- **PROBLEM**:
Repeat the records exactly as given. Do not include the pictures.

- **EXTRACTED ENTRIES**:
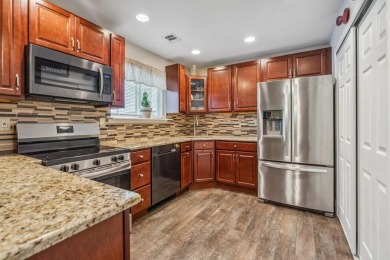 Beautifully updated 3 bedroom condo in the desirable Woodgate on Holbrook Country Club Golf Course in New York - for sale on GolfHomes.com, golf home, golf lot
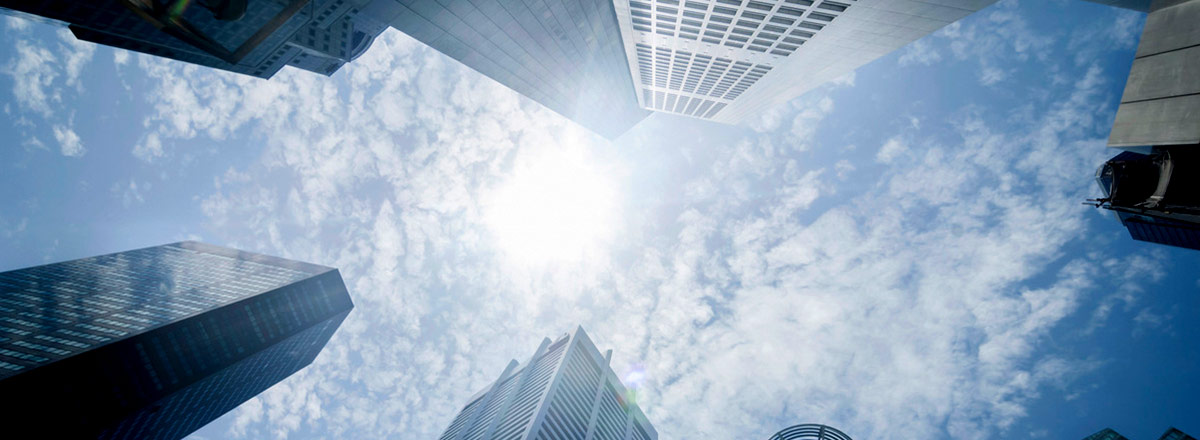 View up at a blue sky with fluffy clouds between several skyscrapers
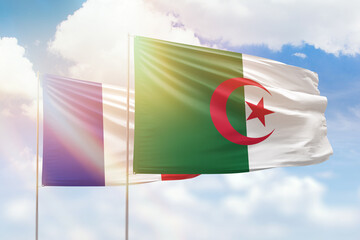 Sunny blue sky and flags of algeria and france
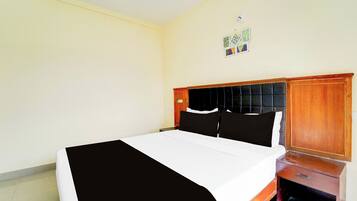 Habitación de hotel con una cama, una mesita de noche, un armario de madera y una lámpara fijada a la pared.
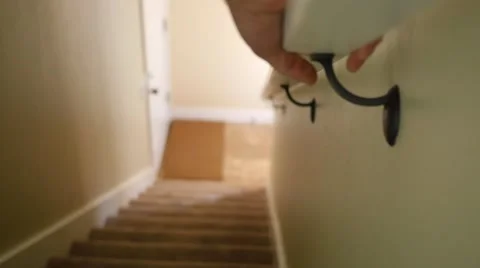 Man walks down stairs and uses hand rail Video stock 57648086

- **OUTPUT BELOW**:
 Beautifully updated 3 bedroom condo in the desirable Woodgate on Holbrook Country Club Golf Course in New York - for sale on GolfHomes.com, golf home, golf lot
 View up at a blue sky with fluffy clouds between several skyscrapers
 Sunny blue sky and flags of algeria and france
 Habitación de hotel con una cama, una mesita de noche, un armario de madera y una lámpara fijada a la pared.
 Man walks down stairs and uses hand rail Video stock 57648086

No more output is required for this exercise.